I hope that I haven’t scared any of you ladies out there who haven’t had a baby, yet! Please don’t think that it’s always as crazy as my experiences have been. Many, many women never have the slightest problem and I’m very glad of that. However, if I had known how difficult it COULD be, I would have been more prepared. If you are expecting your first baby, here are some ways that you can prepare.
- Ask your doctor, midwife, family and friends for some good lactation consultants in the area. Choose one or two that sound good and have their numbers handy for after the baby is born. You could even meet with a lactation consultant before the baby comes and ask her if she will make a “house-call” once your baby arrives!
- Learn what to expect before your baby is born, either from a lactation consultant or from a book or website. Know the signs of a “poor latch” and other problems (I will be posting about breastfeeding problems on my site next month).
- Have a breast pump available in case of an emergency (like I had with my first baby). Although there are pumps for hundreds of dollars, a $10 hand pump from a local store is perfectly fine. I know that many “experts” warn against using a bottle in the early days to prevent nipple confusion, but using a bottle is what helped us to figure out what was wrong with my first baby. With my second, I had to pump and bottle-feed for 24 hours to allow myself to heal.

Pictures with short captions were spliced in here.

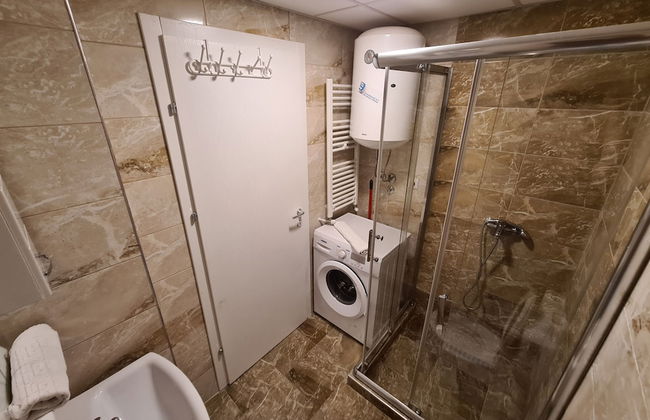 Smart Apartments Skopje - Foto 60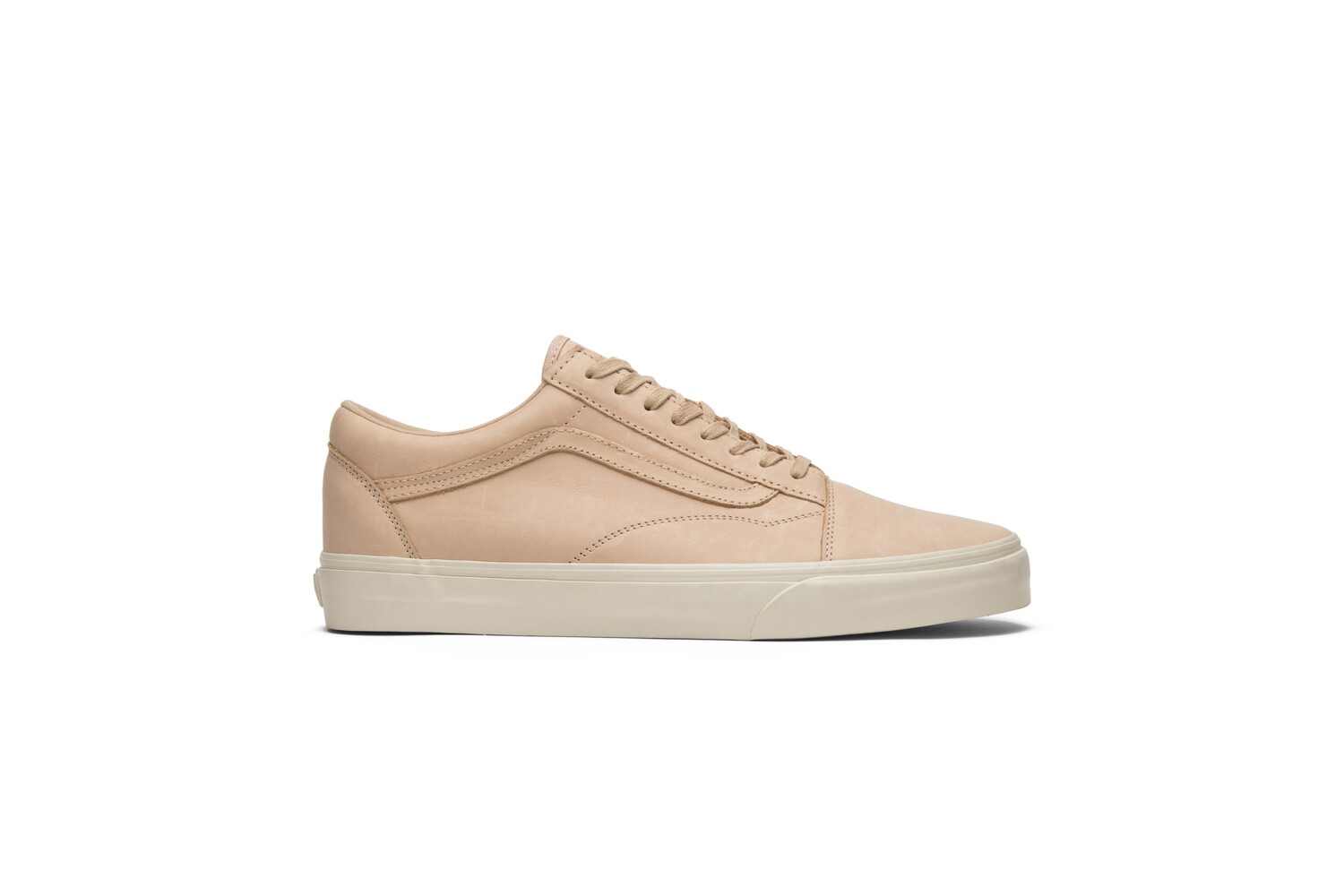 

Кроссовки Old Skool DX Vans, желто-коричневый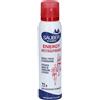 Sauber Pharma Energy Antitraspirante Spray 72h 150 ml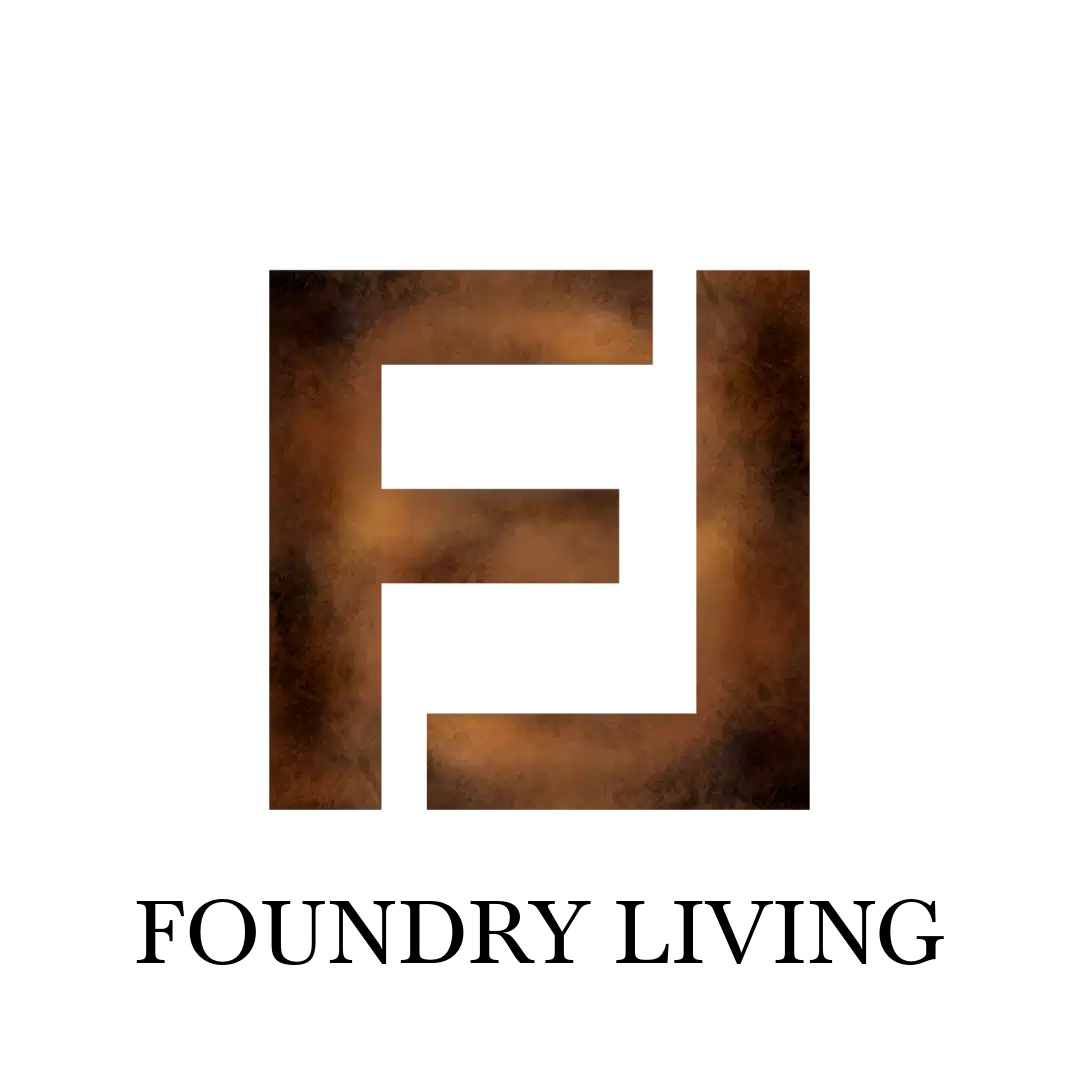 Official logo of Foundry Living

- Buy some nursing “sleep” bras, if you can. They are stretchy, so they won’t constrict and are less likely to cause plugged ducts. You may be sore those first two weeks, so being as comfortable as possible is important.
- Remember that even if nothing is “wrong”, this is new for both you and your baby. Just because it’s natural, doesn’t mean it’s always easy. If you see breastfeeding as something you and baby are learning together, it will help to give you perspective when you need it.
- Above all, be ready and willing to seek help at the first sign of a problem. If you are in pain or the baby isn’t getting enough milk, be persistent about asking for help from every possible source until you find the answer. It may take time to find a good solution, so don’t delay!
Nourishing a baby from your own body is a beautiful thing and the close bond between a mama and her baby is so precious. It is so important for us ladies to encourage one another during those early days, but it is also important to have compassion for those women who have been unable to breastfeed. If we share our experiences and encourage each other, maybe more women will have the knowledge and support they need to succeed!
Was breastfeeding easy for you, or did you face challenges you weren’t expecting? What do you wish you had known before you started?